I challenge each of you to think about your four dollar fish this holiday season. I hope that we can all look passed the fluff and stress of the holidays and find true Joy that lasts all year.

Much love,

B.

Thursday, July 15, 2010

What I am. What I am not.

I've come to a lot of realizations about myself lately. I realize that I am the following things:

* I am easily caught up by things that I can't do anything about. I get nearly obsessive over the way that people handle situations and things that they say. I've learned that people are generally selfish and self-serving. It may sound cynical, but I'm learning that it does very little good to try to "be there" for people because they rarely (if ever) return the favor. People in general do not consider anyone but themselves, their own feelings and their own agenda. I am learning that I shouldn't expect people to react to situations and in situations in the same manner in which I would and I probably shouldn't allow myself to get so upset when people don't respond with character and integrity.

Now, I'm not saying I always react as I should. But, I try very hard to treat people with respect, to honor their wishes, and to respect their boundaries. I try to consider how I would hope that someone would handle a situation if the tables were turned. I don't understand why people don't consider the ramifications of their actions before they act or speak. We never know who may hear us, who may see us, and what they are facing when they see us.

* I am wildly insecure. I realize this may be a shocking revelation to many because I've been told so many times how confident and strong I am. I suppose there are things in which I am secure and confident but very many more in which I am not. I am very unsettled about relationships. I look for constant reassurance in my relationships. I need continual affirmation that the person is with me because they truly want to be. I need to hear that they find me attractive, or smart, or that my hair looks good, or my butt looks good, or whatever. I don't know why I am this way. I've always gotten praise for my brain and my academic achievements - but I've always SUCKED at relationships and I've always been uncomfortable with my looks. Over the last year and a half, I have gained *some* confidence, but I still find myself seeking those compliments and feeling that insecurity. Perhaps with time this is something that will change.

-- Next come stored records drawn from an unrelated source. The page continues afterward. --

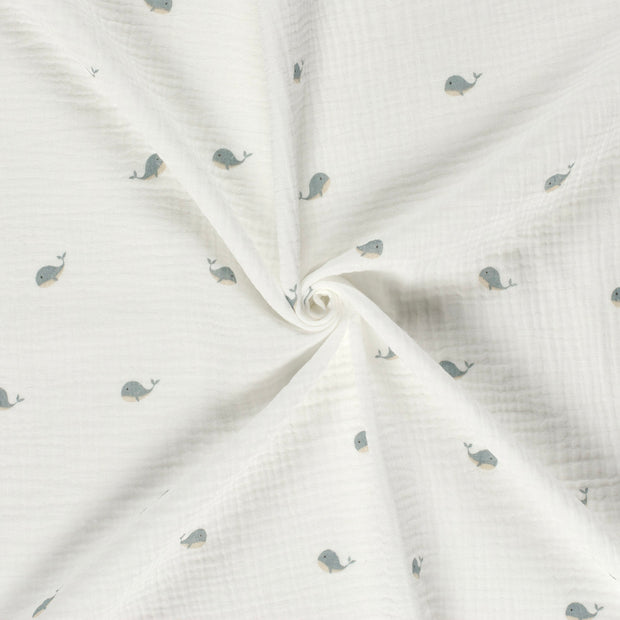 Mousseline stof Gebroken wit geverfd en geprint 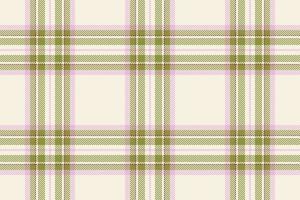 Plaid background, check seamless pattern in beige. Vector fabric texture for textile print, wrapping paper, gift card or wallpaper.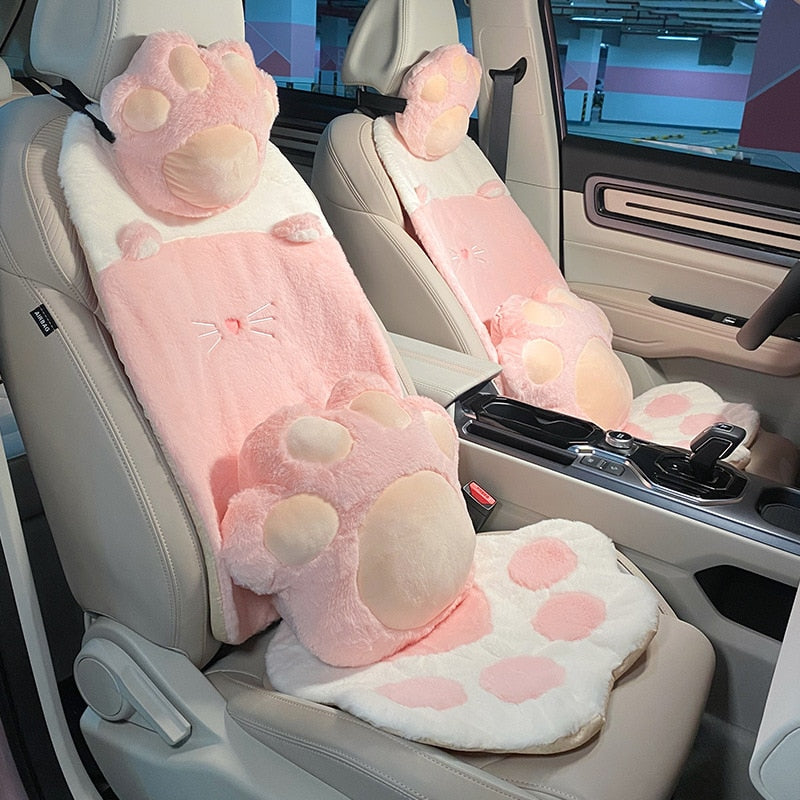 Cat Paw Car Seat Cover Set - cute car accessory from Kawaii Merchandise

* I am not okay with -ists. People who think they are better, smarter, more highly evolved, more loved by our Creator, or more deserving of anything because of their skin pigmentation, their cultural heritage, their hair texture, their family structure or anything else. We all aren't "equal" in our abilities but we should all have the same opportunity to pursue whatever it is we choose in life. No one should be obligated to make sure we all succeed, but we should be allowed to try. Even if we fail, the experience lasts a lifetime.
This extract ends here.